[Exercise instructions] The required output is the lines from the one with "Beistelltisch DKD Home" through the end of the data, repeated verbatim, with no pictures included.

(Items from a data source)

+++++

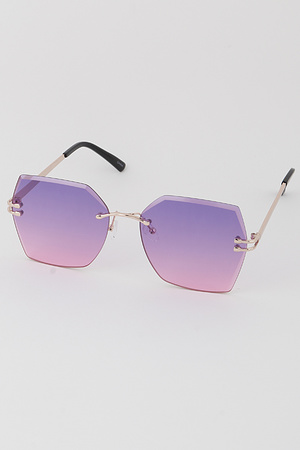 Rimless Geometric Cat Eye Sunglasses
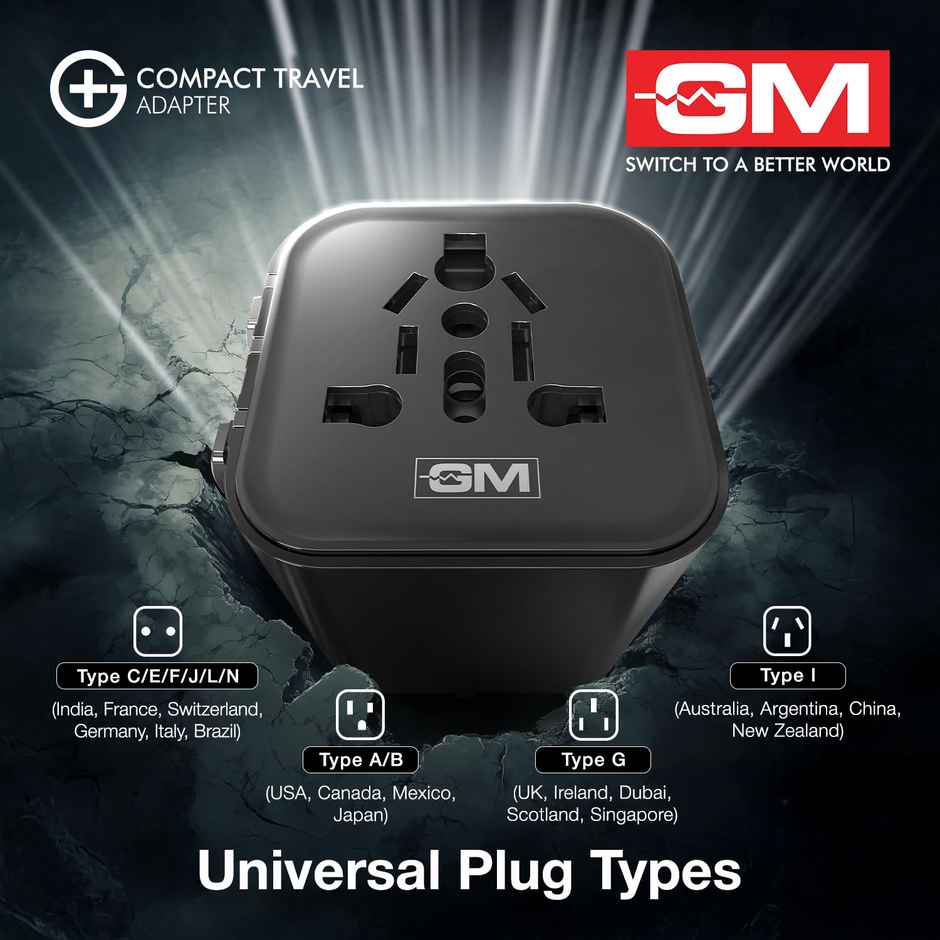 GM G Plus Universal Travel Adapter for 150 Plus Countries | Black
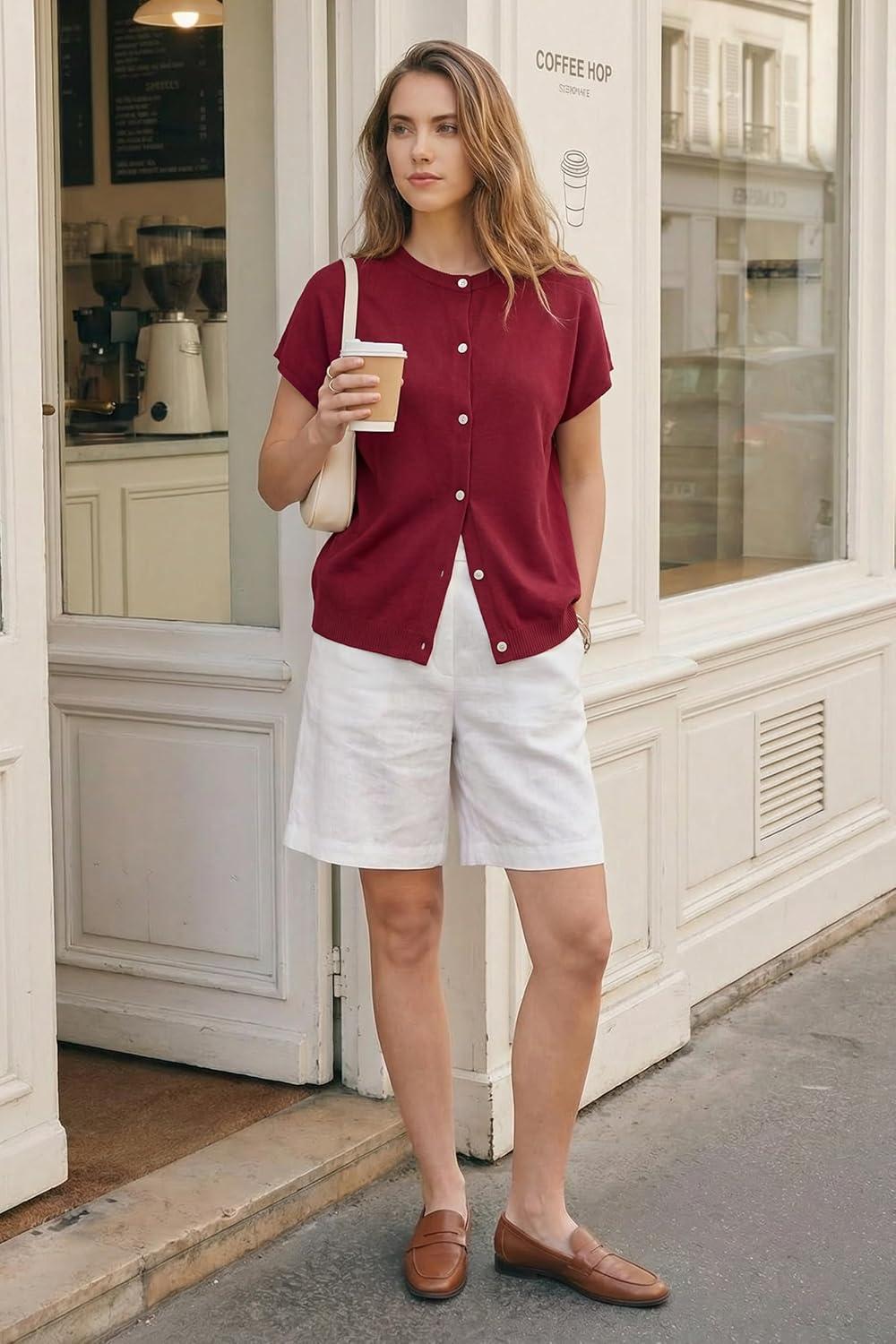 imageArachampCloz Womens Wool Blend Batwing Short Sleeve Button Up Summer Oversized Cardigan SweatersBurgundy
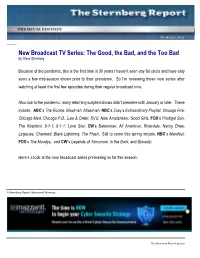 New Broadcast TV Series: the Good, the Bad, and the Too Bad by Steve Sternberg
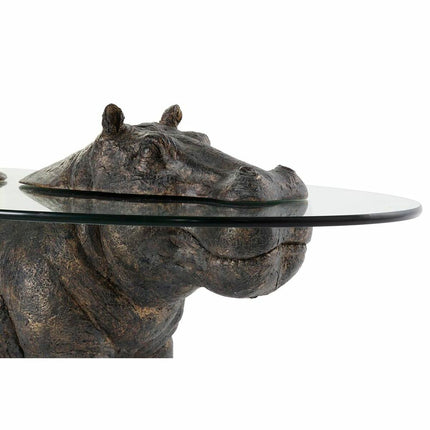 Beistelltisch DKD Home Decor Kristall Durchsichtig Kupfer Harz Kolonial Nilpferd (80 x 50 x 37 cm)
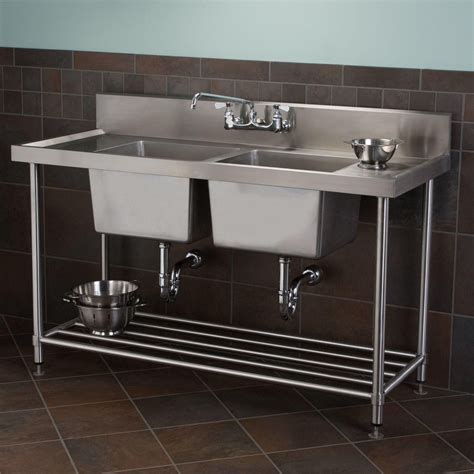 commercial kitchen stainless steel sink cabinet|deep stainless sink with cabinet.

+++++

[Output]
 Beistelltisch DKD Home Decor Kristall Durchsichtig Kupfer Harz Kolonial Nilpferd (80 x 50 x 37 cm)
 commercial kitchen stainless steel sink cabinet|deep stainless sink with cabinet.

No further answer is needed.